The printed circuit board (PCB) is the linchpin for all of today’s modern electronics. A business leader in the semiconductor equipment industry was developing a state of the art, fully automated PCB manufacturing system. This employed a high speed gantry that dispensed certain liquids such as lead paste, glue, coating chemicals etc. Tismo was brought on board to develop the control software, that constituted the brains of the system.
The software was intended to control the different parts of the system that included a gantry, dispensing head, conveyor and various other subsystems. Since the client was developing the hardware parallelly, continuous changes in the system definition and functionalities were a given. The team realised that the operational challenges would also have to be accounted for by the control software. These could include non-aligned and warped PCB substrates. The Tismo team was faced with developing a software architecture, flexible enough to accommodate hardware and process changes, specifically, number and types of dispensing jets to be supported, optional height sensors, different types of cameras etc. Additionally, the software would have to actively monitor various physical parameters like offset of the PCBs, arching of the substrates, distance between dispensing nozzle and substrate etc, all in real time.

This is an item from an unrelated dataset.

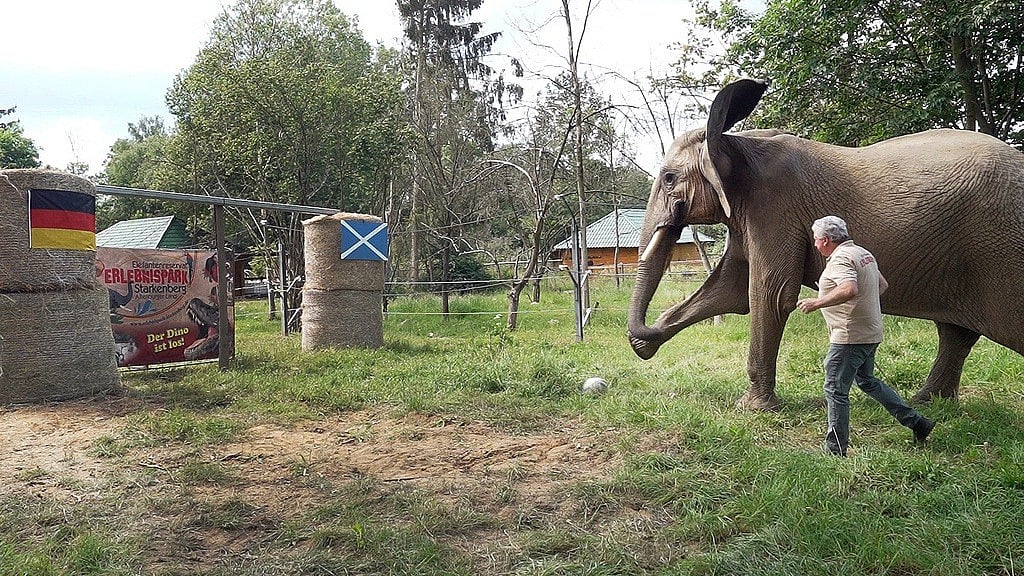 AP : Elephant Bubi kicks the ball towards the goal in Starkenberg, Germany, Thursday, June 13, 2024. As an 'elephant oracle' the elephant predicts the outcome of the opening game of the European Championship, according to her, Germany will win. The animal from the Starkenberg elephant reserve shoots the ball into the German goal.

Tismo developed a modular software architecture that controlled the SMEMA compliant conveyor system used to move substrate in and out, and a three axis gantry system used to move the liquid dispensing head. It also supported a vision system, comprising a camera and height sensor, mounted on the gantry and an optional substrate heating module which interfaces with the conveyor system. The software employed algorithm that detected fiducial markings to create ‘Matrox Models’ and compute the necessary corrective offsets for the dispensing head. The challenge of arched substrates was overcome by using the height sensors to project the arch of the substrate and incorporate the required corrective measures. Automatic and manual setup and calibration of the camera to machine coordinates, automatic calibration of the height sensor, camera to Jet dispenser head were built into the software. It also helped the operator to jog the camera on top of the substrate and create custom dispensing patterns (dispensing program) for each substrate as well as create callable, reusable patterns.
The software was developed using C# on .NET framework. Matrox Imaging Library was used to support the vision system. A WPF MVVM architecture was followed and an integrated UI was developed to handle all subsystems.